Task directions
In the listing that follows, locate the line containing "禁毒示范展館，高科技禁毒防艾展廳，展廳設計平面圖" and the line containing "de Vassily Kandinsky". Retype exactly those two lines and every line between them, and nothing more.

Data records

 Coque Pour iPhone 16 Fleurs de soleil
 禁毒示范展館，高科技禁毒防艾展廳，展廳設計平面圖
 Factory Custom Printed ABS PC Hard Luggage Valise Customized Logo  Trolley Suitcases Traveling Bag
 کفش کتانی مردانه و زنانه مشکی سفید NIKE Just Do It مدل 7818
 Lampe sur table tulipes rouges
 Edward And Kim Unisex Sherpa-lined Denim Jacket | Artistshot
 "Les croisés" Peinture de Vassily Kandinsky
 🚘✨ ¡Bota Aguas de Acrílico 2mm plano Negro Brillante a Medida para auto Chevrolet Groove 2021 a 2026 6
==
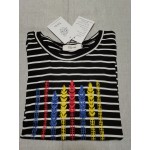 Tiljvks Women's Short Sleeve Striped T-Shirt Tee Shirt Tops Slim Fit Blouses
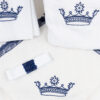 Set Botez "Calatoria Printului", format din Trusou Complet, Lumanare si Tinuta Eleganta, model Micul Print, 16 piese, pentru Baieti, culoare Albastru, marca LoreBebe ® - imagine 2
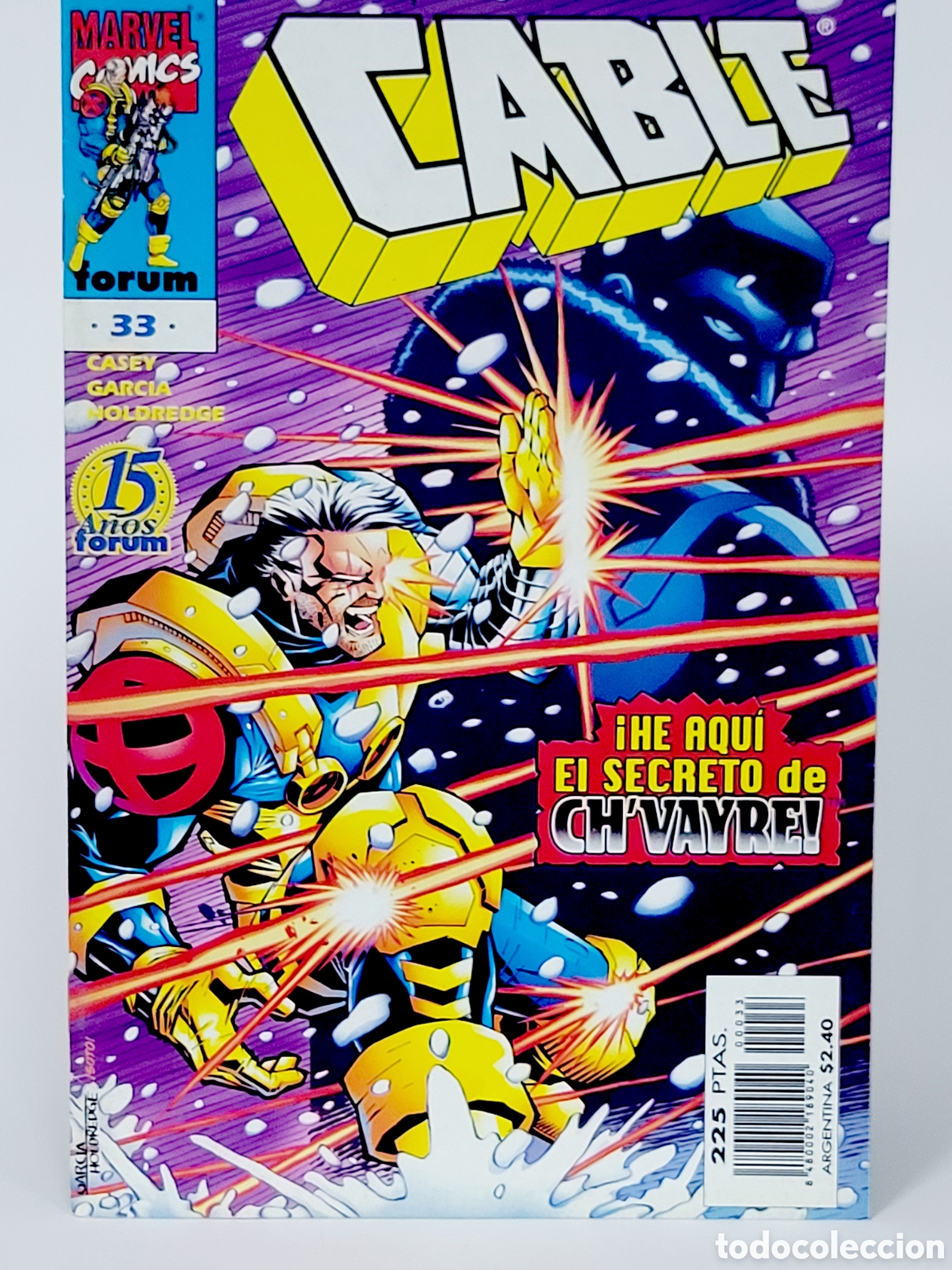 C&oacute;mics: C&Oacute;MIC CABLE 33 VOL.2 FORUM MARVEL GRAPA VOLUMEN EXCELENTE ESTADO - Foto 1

Expected answer
 禁毒示范展館，高科技禁毒防艾展廳，展廳設計平面圖
 Factory Custom Printed ABS PC Hard Luggage Valise Customized Logo  Trolley Suitcases Traveling Bag
 کفش کتانی مردانه و زنانه مشکی سفید NIKE Just Do It مدل 7818
 Lampe sur table tulipes rouges
 Edward And Kim Unisex Sherpa-lined Denim Jacket | Artistshot
 "Les croisés" Peinture de Vassily Kandinsky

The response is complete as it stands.